Возбудителем является РНК-содержащий вирус, относящийся к роду Morbillivirus, семейства Paramyxoviridae. Болезнь впервые зарегистрирована в 1942 г. в Кот-д'Вуар [1]. В естественных условиях к вирусу чувствительны овцы, козы, антилопы, горные овцы и козы. Крупный рогатый скот, буйволы и яки также восприимчивы, что подтверждается обнаружением антител в сыворотке крови в реакции нейтрализации. Однако случаи клинического проявления болезни у этих видов животных проявляются исключительно редко [2, 3].
Возбудитель является пантропным вирусом и передается аэрогенным и алиментарным путем, выделяется с выдыхаемым воздухом, выделениями изо рта, носа, глаз, половых органов.
Источник вируса - больные и переболевшие животные, трупы павших от ЧМЖ животных, контаминированные вирусом корма, вода, подстилка, инвентарь, одежда обслуживающего персонала. Тесный контакт между животными является основным условием передачи вируса ЧМЖ [4].
Основной путь заноса в благополучные регионы - ввоз/перемещение зараженных животных (в т.ч. при незаконной трассировке), а также через инфицированные продукты животного происхождения, при возврате транспортных средств после доставки животных в зараженные регионы или хозяйства, где не используются меры биологической безопасности.
Нозоареал ЧМЖ охватывает страны Африки и Евразии, включая европейскую часть Турции. Заболевание получило распространение в 55 странах: 35 странах Африки и 20 странах Евразии. По данным МЭБ за 30 летний период (1984-2013 гг.) было зарегистрировано свыше 38 тыс.вспышек заболевания. Наиболее сложная ситуация по ЧМЖ наблюдается в Турции и Иране. Первые случаи ЧМЖ в Иране были диагностированы в 1994 г. в провинции Элам на границе с Ираком. С тех пор заболевание регистрируется практически на всей территории страны.
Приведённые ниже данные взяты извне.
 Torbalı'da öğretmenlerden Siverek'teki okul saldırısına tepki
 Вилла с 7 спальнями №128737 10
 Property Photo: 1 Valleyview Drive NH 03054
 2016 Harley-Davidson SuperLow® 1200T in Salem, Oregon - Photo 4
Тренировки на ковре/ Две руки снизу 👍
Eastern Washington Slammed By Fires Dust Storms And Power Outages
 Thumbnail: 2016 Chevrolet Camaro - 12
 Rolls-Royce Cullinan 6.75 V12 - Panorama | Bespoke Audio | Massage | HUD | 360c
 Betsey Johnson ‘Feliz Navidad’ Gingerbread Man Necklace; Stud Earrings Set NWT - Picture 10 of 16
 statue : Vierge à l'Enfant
Первые случаи регистрации вспышек ЧМЖ в Китае относятся к июлю 2007 г. Было зарегистрировано 273 вспышки ЧМЖ, при этом наибольшее их число имело место на востоке Китая, в том числе на территории провинций, непосредственно граничащих с Казахстаном, Кыргызстаном и Таджикистаном, а также с Забайкальским, Хабаровским и Приморским краями и Амурской областью Российской Федерации [5].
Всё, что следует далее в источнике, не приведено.